Bobylev in 2010 further suggested Gliese 710 has an 86% chance of passing through the Oort cloud, assuming the Oort cloud to be a spheroid around the Sun with semiminor and semimajor axes of 80,000 and 100,000 astronomical units.

Dr. Bailor-Jones also determined that of the 300,000 stars he observed, 97 of them would pass within 150 trillion km (93 trillion mi; 1 million AU) of our Solar System, while 16 would come within 60 trillion km. While this would be close enough to disturb the Oort Cloud, only one star would get particularly close. That star is Gliese 710, a K-type yellow dwarf located about 63 light years from Earth which is about half the size of our Sun.

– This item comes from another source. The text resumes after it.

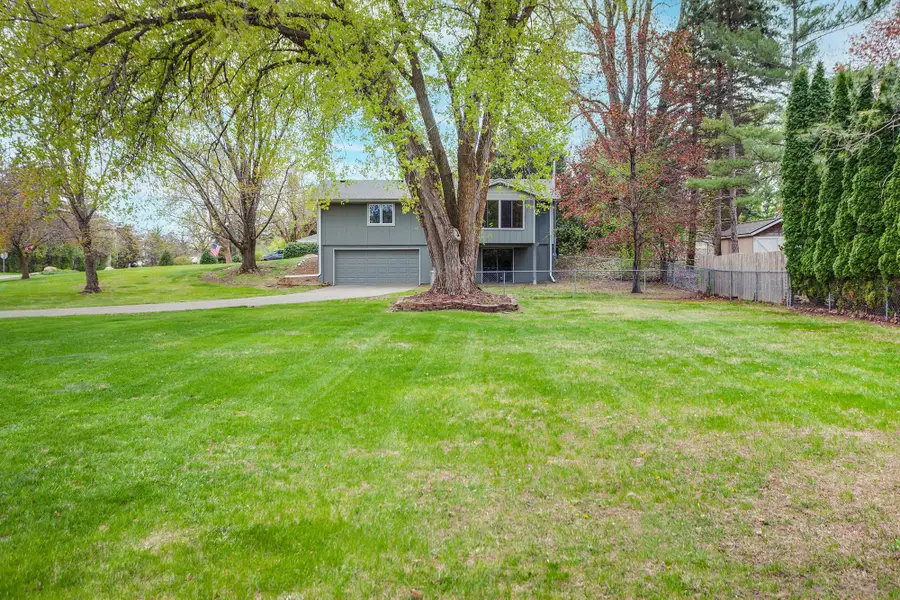 17620 19th Avenue N, Plymouth, MN 55447 - #2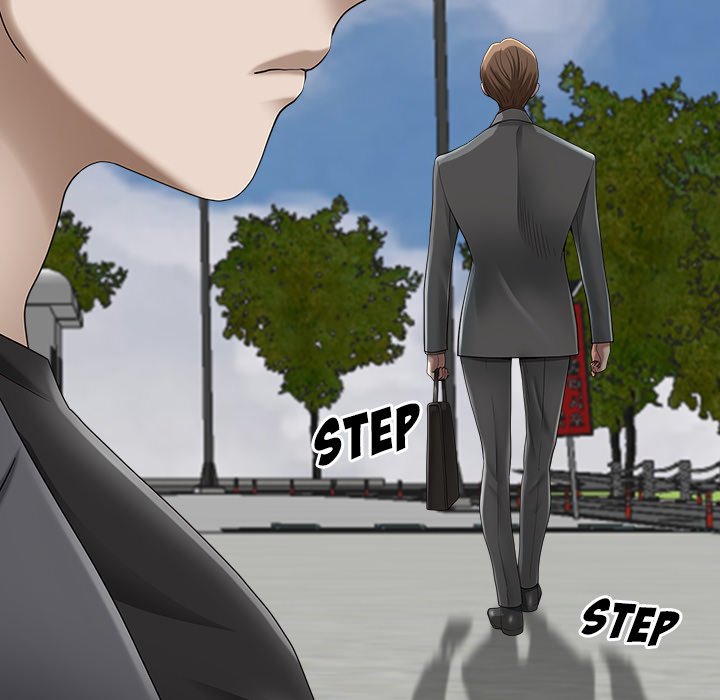 My Husband’s a Twin! Chapter 43 image 91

Whereas the average relative velocity of stars is estimated to be around 100.000 km/h (62,000 mph) at their closest approach, Gliese 710 will will have a speed of 50,000 km/h (31,000 mph). As a result, the star will have plenty of time to exert its gravitational influence on the Oort Cloud, which could potentially send many, many comets towards Earth and the inner Solar System.

Over the past few decades, this star has been well-documented by astronomers, and they were already pretty certain that it would experience a close encounter with our Solar System in the future. However, previous calculations indicated that it would pass within 3.1 to 13.6 trillion km (1.9 to 8.45 trillion mi; 20,722 to 90,910 AU) from our star system – and with a 90% certainty. Thanks to this most recent study, these estimates have been refined to 1.5–3.2 trillion km, with 2.3 trillion km being the most likely.